Unchanging Truths in Times of Change
Rather than redefine the field to accommodate changing times, Bill Weintraub, one of the
book’s advisory board members and a marketing export who led teams at several CPG
organizations, insists that the basic truths in marketing communication are immutable.
He continues, “Regardless of the economy, new media, changes in culture, etc., I don’t
accept that these superficial changes in the marketing environment are relevant in terms
of how intelligent business practices should be conducted.”
The Basic Truth: Understand Your Brand
Advisory board member Regina Lewis, a leader in the area of consumer insights says,
“There is a need for brand authenticity.
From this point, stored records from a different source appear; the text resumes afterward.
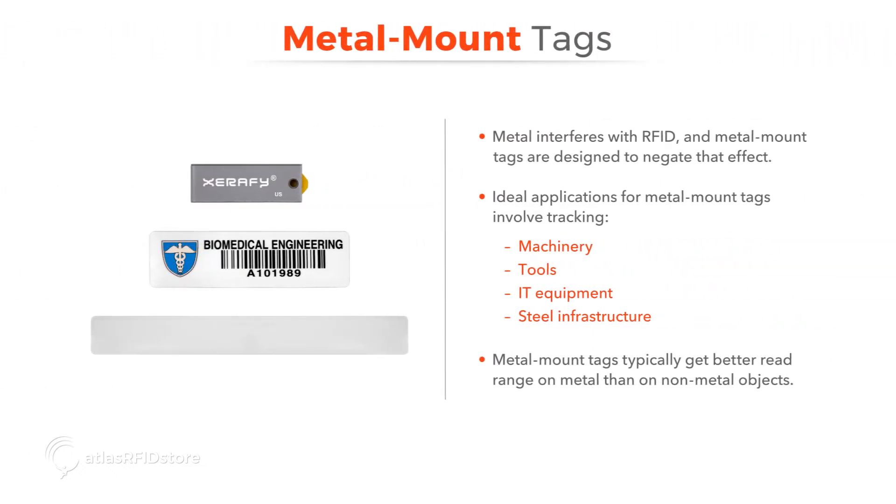Metal interferes with RFID, and basic RFID inlays and labels cannot be read if placed on metal. Metal mount tags are designed to negate that effect. A lot of applications require metal mount tags in order to tag metal assets like machinery, tools, IT equipment, or steel infrastructure. In fact, tags that are designed to mount on metal typically get much better read range on metal than on non-metal objects.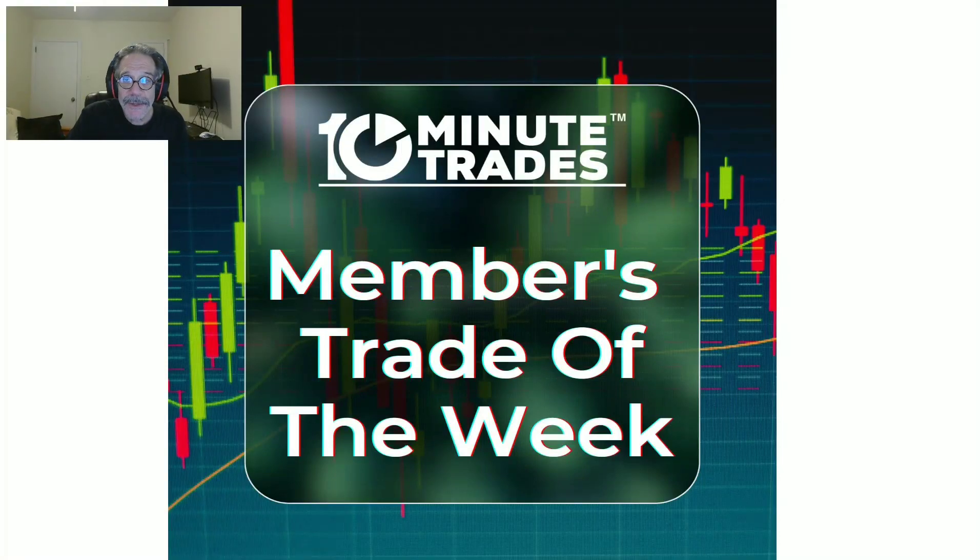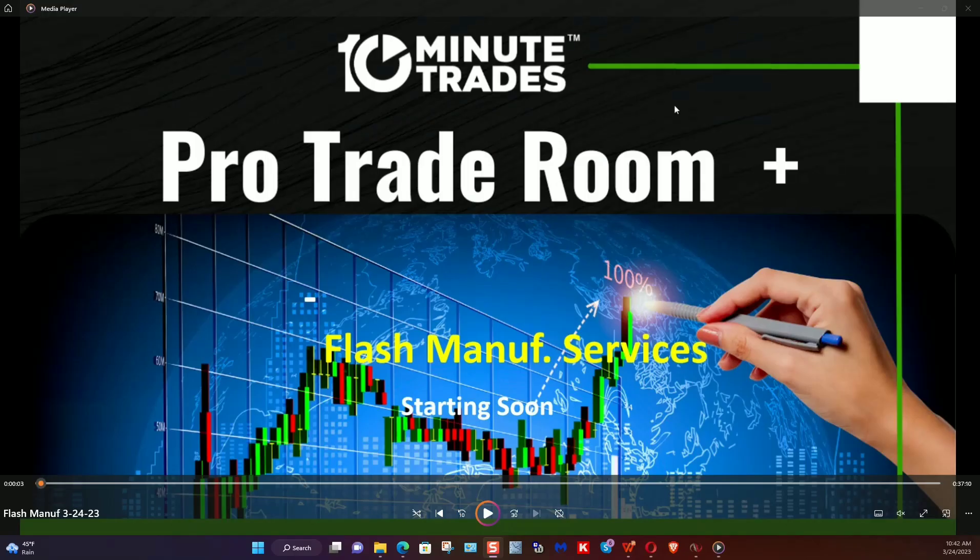Hey everyone, it's Lee Goldstein, the Trading Director at 10 Minute Trades. I want to welcome you to our Members Trade of the Week. Flash Manufacturing was our members trade of the week this week, and I just wanted to show you what happened to us, because we traded it differently — and it's always interesting to see multiple setups on the same event.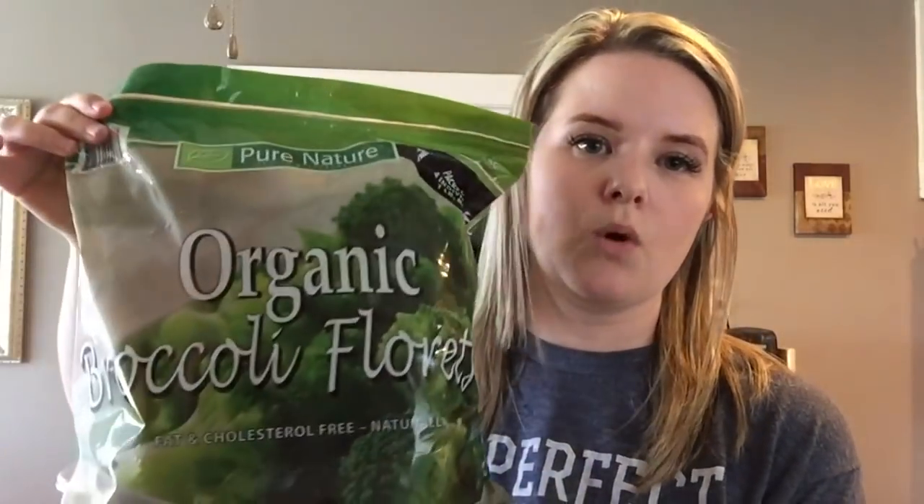I picked this up for the first time — Purdue popcorn chicken. Normally I get the Tyson chicken nuggets from Costco, but these were on sale so I wanted to give them a try. Let me know if you've tried this brand. I also picked up organic broccoli florets, which I always buy at Costco because the price is really good. And I got four avocados — I've been really craving them. They weren't super cheap since they're not in season, but I'm going to enjoy them.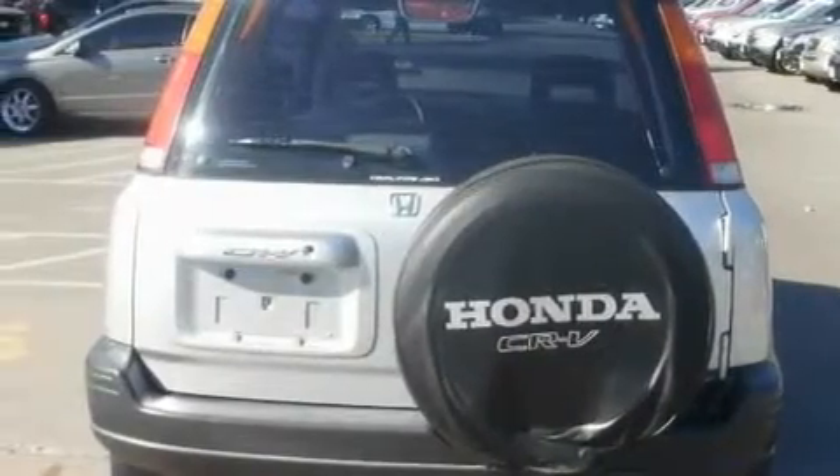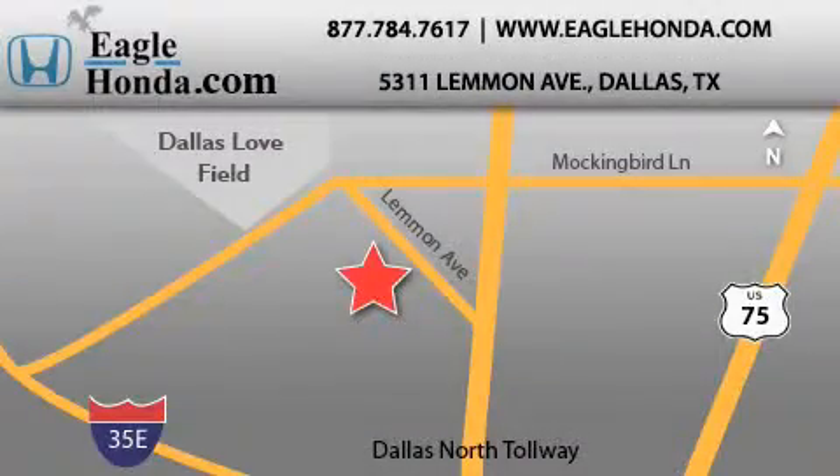Contact us today to schedule your opportunity to see this automobile in person. We are located at 5311 Lemon Avenue in Dallas. Our goal is to exceed all of your expectations to ensure that you will return for future visits.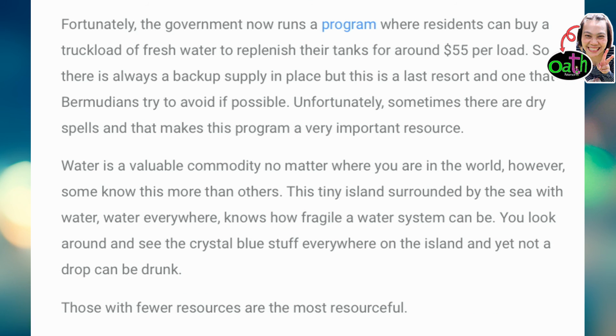Fortunately, the government now runs a program where residents can buy a truckload of fresh water to replenish their tanks for around $55 per load. So there is always a backup supply in place, but this is a last resort and one that Bermudians try to avoid if possible. Unfortunately, sometimes there are dry spells and that makes this program a very important resource. Water is an invaluable commodity no matter where you are in the world. However, some know this more than others. This tiny island surrounded by the sea, with water everywhere, knows how fragile a water system can be. You look around and see the crystal blue stuff everywhere on the island, and yet not a drop can be drunk.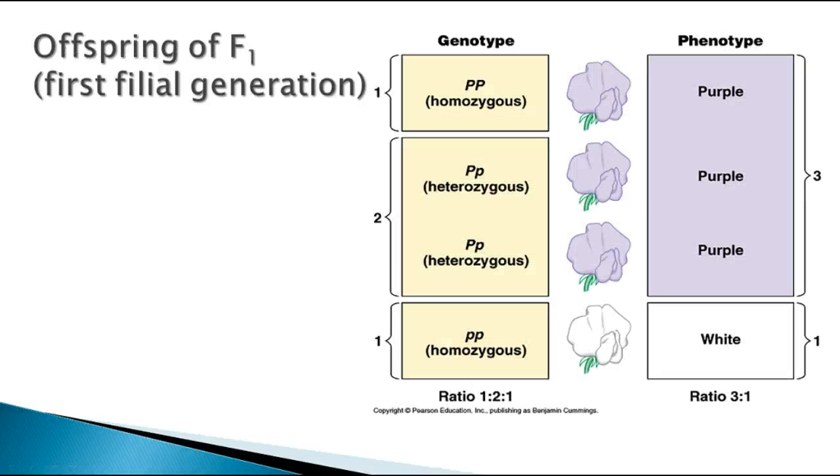One-fourth are homozygous dominant and purple, two-fourths or one-half are heterozygous and also purple, and one-fourth are homozygous recessive and white. So the ratio of genotypes in that monohybrid cross is one to two to one — homozygous dominant, heterozygous, homozygous recessive. The phenotypes would be three to one — three purple to one white.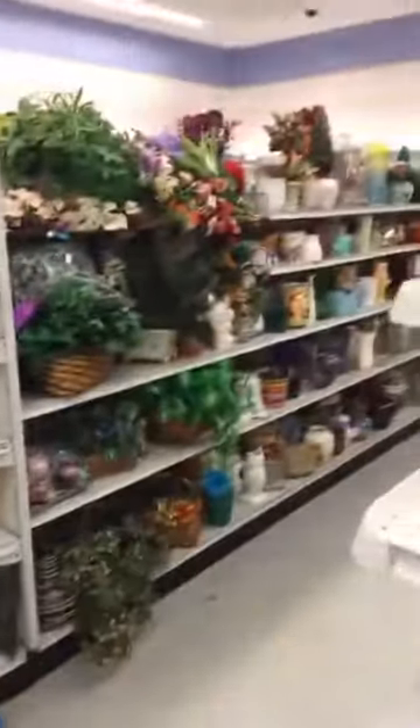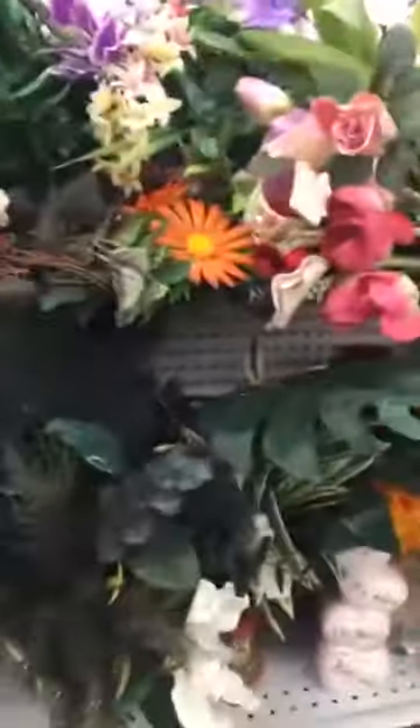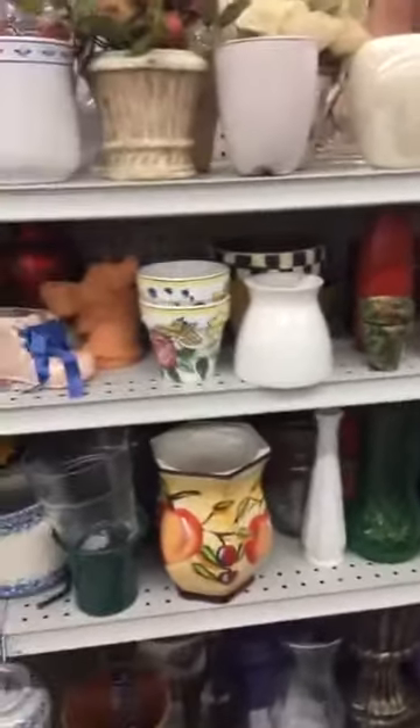Next up is the floral section. Floral stems can be spendy, and if you can find any good ones at Goodwill I would totally recommend it. I am a big fan of things that look real though, so I'm not going to lie — I'm kind of picky about my floral stems and I don't get them here super often. I did get one last time I was here in a blush color that was fabulous. I'm so glad this is helpful, you guys — this is so fun.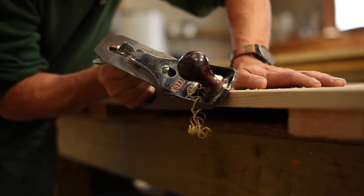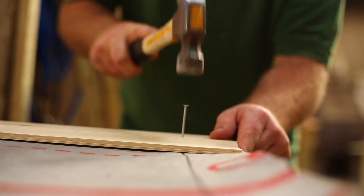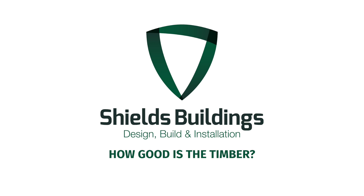We put together a blog recently on five things to look out for if you're researching or interested in getting a timber garden building, and now we've made some short videos to show you more. So what should you be looking for? In this video, John talks about the timber.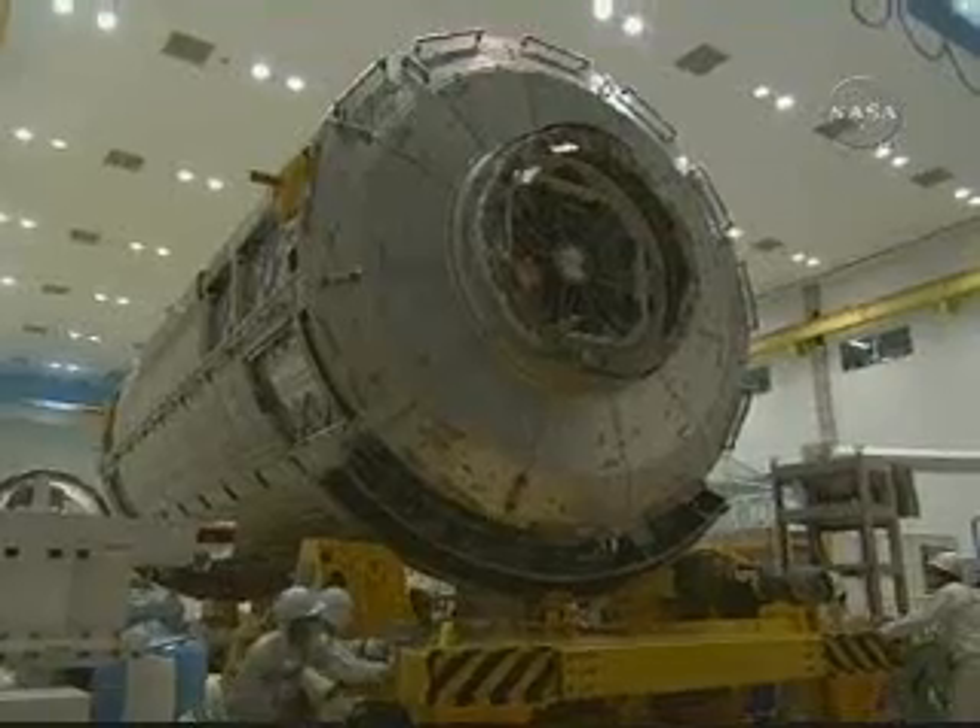Here's the interior of the pressurized module. You're looking at the airlock inside, and above the airlock are the two windows that the crew can use for viewing the external facility and also the GEM robotics operations.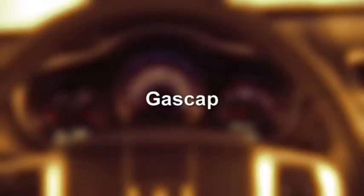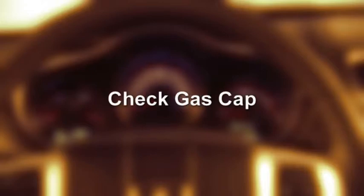If the vehicle diagnostic system detects a problem with the fuel filler cap, or the fuel filler cap is loose, improperly installed, or damaged, the word "gas cap" will display in the odometer, or the words "check gas cap" will appear in the electronic vehicle information center.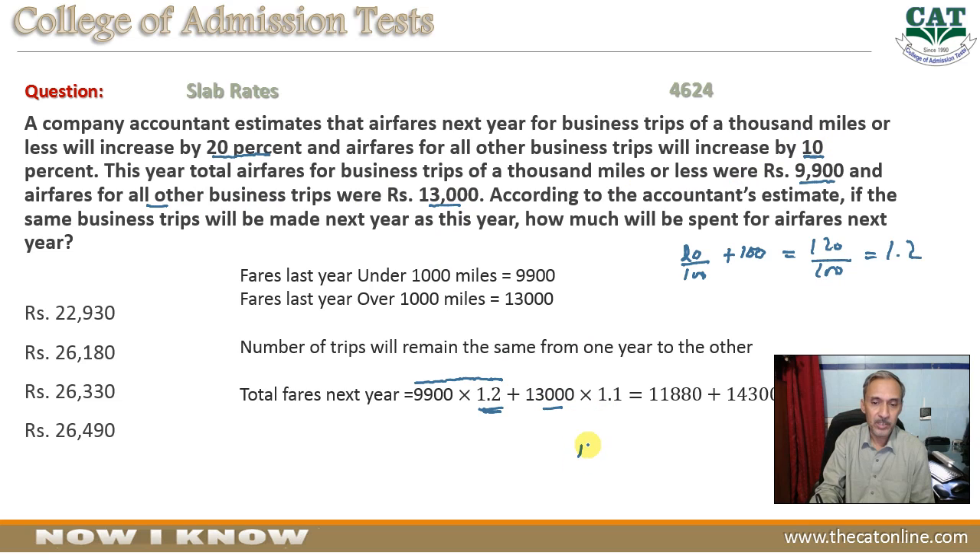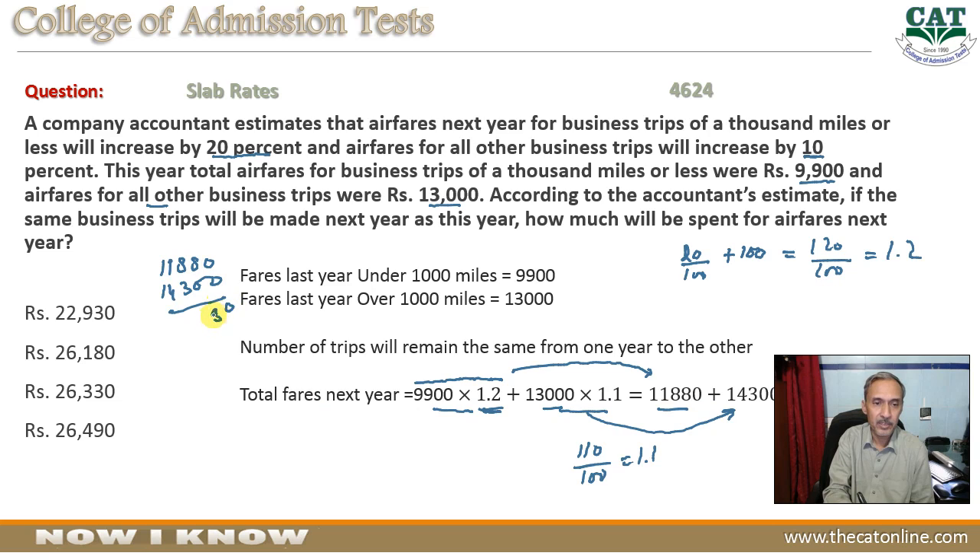तो 9,900 को 1.2 से multiply करने पर 11,880 आ गया। फिर 13,000 को 1.1 से multiply करने पर दूसरी figure आई। इन दोनों को हमने add करना है ताकि total change मालूम की जा सके — 14,300 आता है, जो कि option B में दिया गया है। यह option A, यह B, यह C, और यह D — तो option B correct answer है।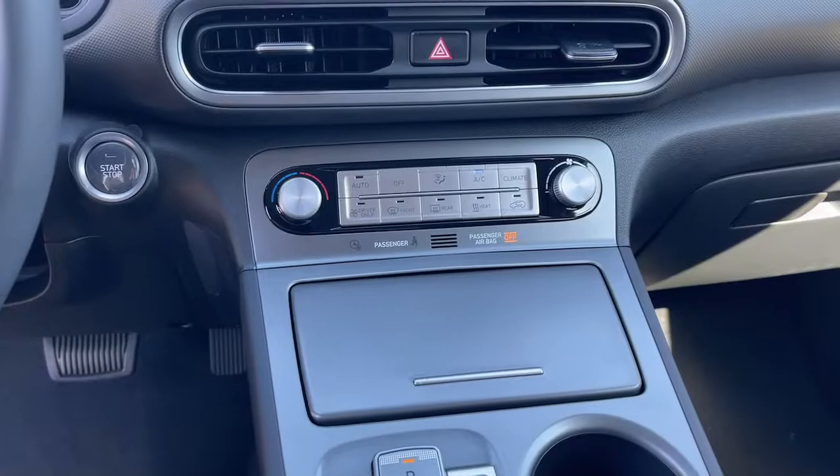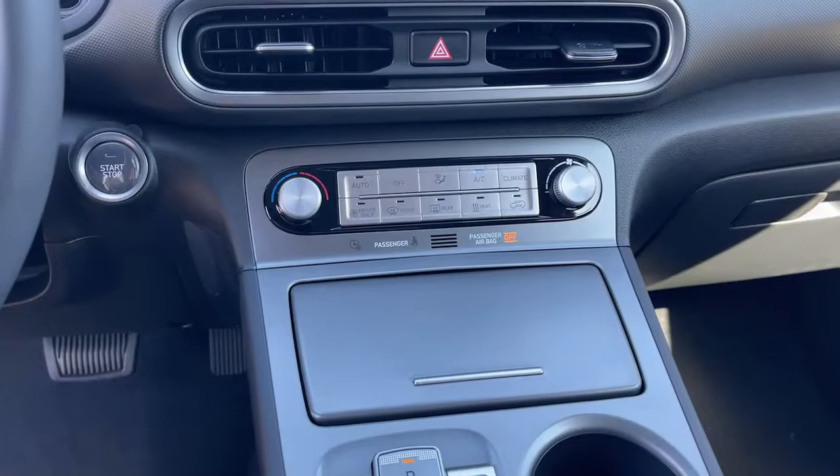Take advantage of the chance to drive this refreshingly fun eco-friendly Kona Electric. Our team will give you an outstanding test drive experience. Stop in today.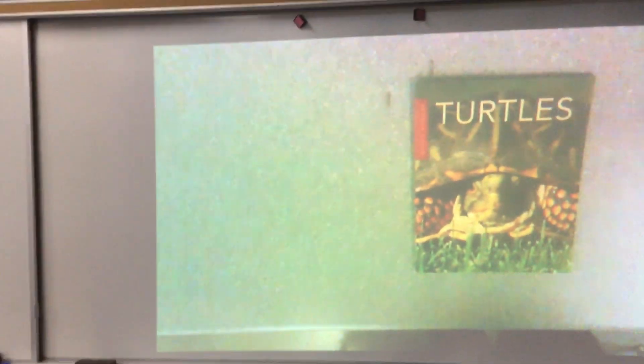The end. Well, kindergarteners, I hope you enjoyed some of those fun facts about turtles. Hope to see you soon.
With social media’s power, brands are tasked
with – among other things – achieving perfect transparency.”
Lewis also believes that the basics of successful branding lie with connecting with
consumer values. She sees that ‘uniquely positioning your brand is essential.” But that’s
just the foundation of successful branding; the structure of a successful brand is built on
effective communication.
The Enduring Principles
As you will see in this book, effective advertising and marketing communication are
founded on basic, enduring principles. These principles are central themes in this
textbook:
1. Brand. Build and maintain distinctive brands that your customers love.
2. Position. Identify your competitive advantage in the minds of consumers.
3. Consumer. Focus on consumers and match your brand’s strengths to consumer
needs and wants.
4. Message. Identify your best prospects and engage them in a brand conversation.
5. Media. Know how to best reach and connect with your target audience.
6. Integrate. Know how to connect the dots and make everything in the marketing
communication toolkit work together.
7. Evaluate. Track everything you do so you know what works.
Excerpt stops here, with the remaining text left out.